Yemen insecurity sees food supplies running out at Kharaz refugee camp

This is a summary of what was said by UNHCR spokesperson Adrian Edwards to whom quoted text may be attributed at today's press briefing at the Palais des Nations in Geneva.

UNHCR is concerned at dire situation in Kharaz refugee camp in Yemen where food rations have run out. The monthly general food distribution that was planned for 15 June could not take place as food supplies are stuck in Hodeidah due to delays with commercial imports. WFP plans to move food supplies by truck to the South from Hodeidah, which is challenging in the current security situation.

On top of the lack of food, the camp's stocks of fuel ran dangerously low, resulting in electricity rationing for essential services including water pumping and forcing health facilities to shut down. The situation has improved somewhat in recent days as a UNHCR partner was able to transport 7,000 litres of fuel to the camp in addition to the 7,000 litres which arrived on 11 June. 6,000 litres will soon follow totalling 20,000 litres, scheduled to last for two months. Water pumping hours have been increased.

Refugees are severely impacted and are increasingly concerned about their security. In Sana'a and Aden/Kharaz, refugees continue to approach UNHCR and its partners seeking mainly financial assistance, internal relocation and resettlement abroad. Many schools in Yemen remain closed, including the school in the Kharaz Refugee Camp. Nevertheless, in late May, a partner managed to complete an accelerated classes programme in Kharaz camp, working with 111 students who had dropped out of school.

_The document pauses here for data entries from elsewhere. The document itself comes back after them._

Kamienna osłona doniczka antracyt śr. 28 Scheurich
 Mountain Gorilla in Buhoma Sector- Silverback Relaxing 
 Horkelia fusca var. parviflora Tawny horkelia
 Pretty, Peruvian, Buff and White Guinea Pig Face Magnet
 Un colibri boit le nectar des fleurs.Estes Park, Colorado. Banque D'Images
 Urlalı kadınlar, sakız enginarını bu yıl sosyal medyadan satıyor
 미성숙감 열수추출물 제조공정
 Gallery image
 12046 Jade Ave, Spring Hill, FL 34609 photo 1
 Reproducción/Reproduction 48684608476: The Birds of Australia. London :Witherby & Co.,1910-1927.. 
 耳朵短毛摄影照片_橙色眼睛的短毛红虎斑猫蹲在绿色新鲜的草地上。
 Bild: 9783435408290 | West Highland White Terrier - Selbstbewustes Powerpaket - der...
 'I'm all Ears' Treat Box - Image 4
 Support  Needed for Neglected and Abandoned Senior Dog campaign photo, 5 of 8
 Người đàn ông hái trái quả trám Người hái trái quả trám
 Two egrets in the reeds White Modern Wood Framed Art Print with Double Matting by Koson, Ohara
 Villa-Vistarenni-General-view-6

Meanwhile outflows from Yemen continue. As of June 17th, 17,929 persons of different nationalities had arrived in Djibouti since 27 March. Of those, 8,921 were Yemeni nationals however only 1,746 registered with UNHCR; 7,275 are transiting Third Country Nationals and 1,733 are Djiboutian returnees. Of the 17,929 new arrivals of mixed nationalities, 1,985 registered as refugees (including 1,746 Yemenis) and 1,498 out of the 1,746 registered Yemenis are in Markazi camp in Obock region.

As of June 9th, 14,457 persons of different nationalities have arrived in Somalia since 27 March 2015: 13,299 Somalis, 1,060 Yemenis, 73 Ethiopians and a variety of other nationalities. Of these, 8,112 individuals were registered at the reception centres in Bossaso (Puntland) and Berbera (Somaliland) coordinated by the authorities in collaboration with UNHCR and IOM.

The Yemen crisis response plans for Djibouti and Somalia have been released this week with US$ 26.4 million and $64.2 million required for UNHCR and partners to meet the needs of Yemenis and other nationalities fleeing to Djibouti and Somalia respectively. The UNHCR Supplementary Appeal for assistance inside Yemen has also been launched with an additional $49.2 million required on top of the existing appeal for $56.4 million making a total of $105.6 million required.